Colbert retorted, tongue firmly in cheek, that it was unfair to play the Jesus card and that he couldn't debate the Bible with a nun. Luckily I have no such compunctions. What Sister Campbell claims to be doing is the Gospel. There really can be no argument about that. Jesus did live his daily life among the socially marginal, forming relationships and working for their benefit. Unfortunately, her contention that this is "all we do" is misleading. The Vatican is not complaining that the nuns are ministering to or forming relationships with homosexuals, divorcees, and other arguably marginal groups. The problem is that they are endorsing morally marginal behaviors.
It is necessary to remember Jesus' stated motivation for being among sinners: it's the sick who need a doctor. Jesus solution to morally marginal behavior was not to expand what was morally permissible but to rehabilitate sinners (a grace of which we are all recipients). When Christ steps in to defend the woman caught in adultery, apocryphal though the story may be, he does tell her "neither do I condemn you" but he concludes with the admonition "go and sin no more." It is critical in this discussion to realize that keeping the commands of love and forgiveness do not translate into a fluid morality.
That's the fundamental problem when people--take Carrie Underwood for example--try to say that their Christianity made them endorse homosexuality. It is possible, because people have done it, to make a number of reasoned (though I think fatally flawed) arguments that homosexuality is consistent with the Scriptures and the broader Christian ethos, though obviously not with the traditional testimony of the church universal. Stating matter-of-factly, however, that God wants everyone to love everyone ergo gay marriage is moral misunderstands love just as much as Sister Campbell misunderstands relationship. The question of whether or not gay marriage is morally permissible is distinct from whether or not we should love homosexuals or establish relationships with them.

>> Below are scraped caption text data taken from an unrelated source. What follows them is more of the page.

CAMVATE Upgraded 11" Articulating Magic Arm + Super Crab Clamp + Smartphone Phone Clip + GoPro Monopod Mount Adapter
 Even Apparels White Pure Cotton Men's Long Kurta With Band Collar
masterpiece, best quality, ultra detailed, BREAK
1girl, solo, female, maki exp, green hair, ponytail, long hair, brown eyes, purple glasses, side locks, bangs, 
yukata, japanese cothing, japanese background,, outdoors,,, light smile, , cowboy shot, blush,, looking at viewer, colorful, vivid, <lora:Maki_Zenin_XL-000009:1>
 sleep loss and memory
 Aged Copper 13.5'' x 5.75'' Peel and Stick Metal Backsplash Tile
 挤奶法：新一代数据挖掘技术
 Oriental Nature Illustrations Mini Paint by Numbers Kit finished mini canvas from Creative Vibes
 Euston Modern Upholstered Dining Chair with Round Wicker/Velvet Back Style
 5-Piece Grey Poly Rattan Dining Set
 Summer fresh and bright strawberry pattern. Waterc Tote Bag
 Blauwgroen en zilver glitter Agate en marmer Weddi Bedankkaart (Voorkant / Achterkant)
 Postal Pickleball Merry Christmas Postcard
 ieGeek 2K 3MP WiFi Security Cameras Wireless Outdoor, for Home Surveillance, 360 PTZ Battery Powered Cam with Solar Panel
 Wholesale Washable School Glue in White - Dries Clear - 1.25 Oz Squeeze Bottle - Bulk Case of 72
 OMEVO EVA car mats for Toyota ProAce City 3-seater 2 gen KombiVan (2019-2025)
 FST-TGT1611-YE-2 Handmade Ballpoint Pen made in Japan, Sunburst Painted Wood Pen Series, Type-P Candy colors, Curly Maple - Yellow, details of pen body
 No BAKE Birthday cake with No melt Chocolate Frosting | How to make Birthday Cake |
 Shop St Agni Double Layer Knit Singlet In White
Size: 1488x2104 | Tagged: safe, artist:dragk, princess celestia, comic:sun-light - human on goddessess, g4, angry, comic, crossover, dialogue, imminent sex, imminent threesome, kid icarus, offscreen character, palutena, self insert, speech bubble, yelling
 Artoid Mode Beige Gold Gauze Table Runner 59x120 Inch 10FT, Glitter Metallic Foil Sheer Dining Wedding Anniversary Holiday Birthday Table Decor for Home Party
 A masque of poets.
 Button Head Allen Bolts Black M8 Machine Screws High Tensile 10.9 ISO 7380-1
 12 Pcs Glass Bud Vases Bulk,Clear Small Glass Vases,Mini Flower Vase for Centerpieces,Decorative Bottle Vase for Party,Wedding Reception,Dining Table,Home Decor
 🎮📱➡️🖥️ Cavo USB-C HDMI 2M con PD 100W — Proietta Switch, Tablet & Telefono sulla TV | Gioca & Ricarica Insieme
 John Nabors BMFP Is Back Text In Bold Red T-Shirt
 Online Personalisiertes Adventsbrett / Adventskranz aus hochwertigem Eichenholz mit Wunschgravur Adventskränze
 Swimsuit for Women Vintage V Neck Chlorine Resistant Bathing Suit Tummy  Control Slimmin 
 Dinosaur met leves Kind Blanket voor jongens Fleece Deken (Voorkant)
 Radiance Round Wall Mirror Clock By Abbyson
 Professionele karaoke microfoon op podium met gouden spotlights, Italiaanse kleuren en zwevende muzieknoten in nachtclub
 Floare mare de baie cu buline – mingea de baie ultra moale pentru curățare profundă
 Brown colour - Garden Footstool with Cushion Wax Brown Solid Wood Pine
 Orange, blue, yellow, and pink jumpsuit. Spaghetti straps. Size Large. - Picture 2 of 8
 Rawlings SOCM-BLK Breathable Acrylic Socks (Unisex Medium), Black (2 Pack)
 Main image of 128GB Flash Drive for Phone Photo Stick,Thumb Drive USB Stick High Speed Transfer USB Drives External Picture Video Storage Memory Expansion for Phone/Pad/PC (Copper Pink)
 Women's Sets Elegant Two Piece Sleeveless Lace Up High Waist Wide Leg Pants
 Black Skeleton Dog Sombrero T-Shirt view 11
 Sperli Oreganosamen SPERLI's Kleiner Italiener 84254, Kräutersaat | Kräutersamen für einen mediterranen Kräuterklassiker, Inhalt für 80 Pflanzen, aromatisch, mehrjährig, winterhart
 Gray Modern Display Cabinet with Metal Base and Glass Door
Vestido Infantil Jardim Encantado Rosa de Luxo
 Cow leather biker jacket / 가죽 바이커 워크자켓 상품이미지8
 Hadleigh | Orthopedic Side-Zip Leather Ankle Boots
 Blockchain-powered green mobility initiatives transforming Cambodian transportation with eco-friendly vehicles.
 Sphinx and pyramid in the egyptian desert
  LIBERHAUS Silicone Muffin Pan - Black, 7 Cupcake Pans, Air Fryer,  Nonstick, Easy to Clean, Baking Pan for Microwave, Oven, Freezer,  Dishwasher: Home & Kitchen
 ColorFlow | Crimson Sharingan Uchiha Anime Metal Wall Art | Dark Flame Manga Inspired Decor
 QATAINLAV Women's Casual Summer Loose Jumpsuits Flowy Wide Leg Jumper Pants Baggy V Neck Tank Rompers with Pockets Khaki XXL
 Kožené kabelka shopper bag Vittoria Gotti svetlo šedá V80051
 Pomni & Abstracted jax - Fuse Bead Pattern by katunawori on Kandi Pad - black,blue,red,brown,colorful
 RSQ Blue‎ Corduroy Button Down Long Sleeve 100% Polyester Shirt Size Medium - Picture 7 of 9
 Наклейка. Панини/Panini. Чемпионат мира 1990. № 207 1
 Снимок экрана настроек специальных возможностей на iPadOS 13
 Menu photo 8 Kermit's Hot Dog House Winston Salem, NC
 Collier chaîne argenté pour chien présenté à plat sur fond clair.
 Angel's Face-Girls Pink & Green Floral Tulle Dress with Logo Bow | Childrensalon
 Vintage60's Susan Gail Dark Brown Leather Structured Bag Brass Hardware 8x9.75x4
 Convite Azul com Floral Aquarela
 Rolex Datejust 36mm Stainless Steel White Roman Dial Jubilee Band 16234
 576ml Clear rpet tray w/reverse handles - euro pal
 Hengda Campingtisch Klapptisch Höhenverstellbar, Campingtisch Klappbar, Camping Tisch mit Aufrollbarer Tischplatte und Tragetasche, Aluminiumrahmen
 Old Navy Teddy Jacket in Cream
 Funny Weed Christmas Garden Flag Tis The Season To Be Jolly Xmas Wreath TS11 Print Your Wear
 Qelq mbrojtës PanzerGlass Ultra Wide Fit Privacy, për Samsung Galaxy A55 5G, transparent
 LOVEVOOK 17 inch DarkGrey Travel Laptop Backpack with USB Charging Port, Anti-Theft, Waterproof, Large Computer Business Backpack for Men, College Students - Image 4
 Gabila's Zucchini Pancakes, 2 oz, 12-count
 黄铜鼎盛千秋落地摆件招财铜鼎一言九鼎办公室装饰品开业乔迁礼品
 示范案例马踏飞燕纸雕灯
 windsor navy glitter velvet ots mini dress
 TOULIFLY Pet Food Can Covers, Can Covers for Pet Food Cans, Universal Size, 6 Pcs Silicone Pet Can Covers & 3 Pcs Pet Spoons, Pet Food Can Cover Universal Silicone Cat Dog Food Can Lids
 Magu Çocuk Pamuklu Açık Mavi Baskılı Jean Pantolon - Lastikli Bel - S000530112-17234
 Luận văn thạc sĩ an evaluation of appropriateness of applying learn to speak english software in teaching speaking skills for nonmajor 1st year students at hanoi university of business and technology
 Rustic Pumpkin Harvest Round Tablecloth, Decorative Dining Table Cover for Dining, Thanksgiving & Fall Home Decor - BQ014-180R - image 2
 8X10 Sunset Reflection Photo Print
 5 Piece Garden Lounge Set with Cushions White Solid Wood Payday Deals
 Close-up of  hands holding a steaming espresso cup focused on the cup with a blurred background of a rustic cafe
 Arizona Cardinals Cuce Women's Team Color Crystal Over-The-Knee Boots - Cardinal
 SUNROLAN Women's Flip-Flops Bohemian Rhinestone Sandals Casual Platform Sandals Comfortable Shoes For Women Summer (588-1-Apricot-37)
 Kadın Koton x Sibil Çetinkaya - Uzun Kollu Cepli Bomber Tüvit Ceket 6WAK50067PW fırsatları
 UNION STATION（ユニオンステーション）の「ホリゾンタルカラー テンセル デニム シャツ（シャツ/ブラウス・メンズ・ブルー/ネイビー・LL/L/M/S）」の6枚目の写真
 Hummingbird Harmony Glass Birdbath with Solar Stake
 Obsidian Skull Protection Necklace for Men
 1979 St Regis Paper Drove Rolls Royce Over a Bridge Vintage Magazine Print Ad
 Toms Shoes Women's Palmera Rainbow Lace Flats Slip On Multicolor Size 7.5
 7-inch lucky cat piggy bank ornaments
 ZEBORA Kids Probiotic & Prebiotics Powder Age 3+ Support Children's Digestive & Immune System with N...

I, of course, have opinions on both issues which coincide neither with Sister Campbell nor Stephen Colbert's caricatured conservative. But those aren't really the point. The point is that the unthinking appeal to Jesus and the Gospel like a political slogan by both sides is shameful and, more importantly, unproductive. Jesus does not belong to a modern political party--just like he didn't belong to an ancient political faction--and the suggestion that Christianity endorses political positions is repugnant. At the very least, however, we should realize that God does not recognize the lines that we draw. Social liberals and social conservatives need to realize that they can both be Christians--flawed, finite, wrong more often than they're not Christians. When the Vatican says to its ecclesiastical subordinates, "You're not teaching what we believe" that is not sexism and it is not infidelity to the Gospel. It is a statement of fact. Meanwhile, when Sister Campbell says "We're faithful to the Gospel...that's all we do" it has all the grandiosity characteristic of self-delusion and unintentional falsehood.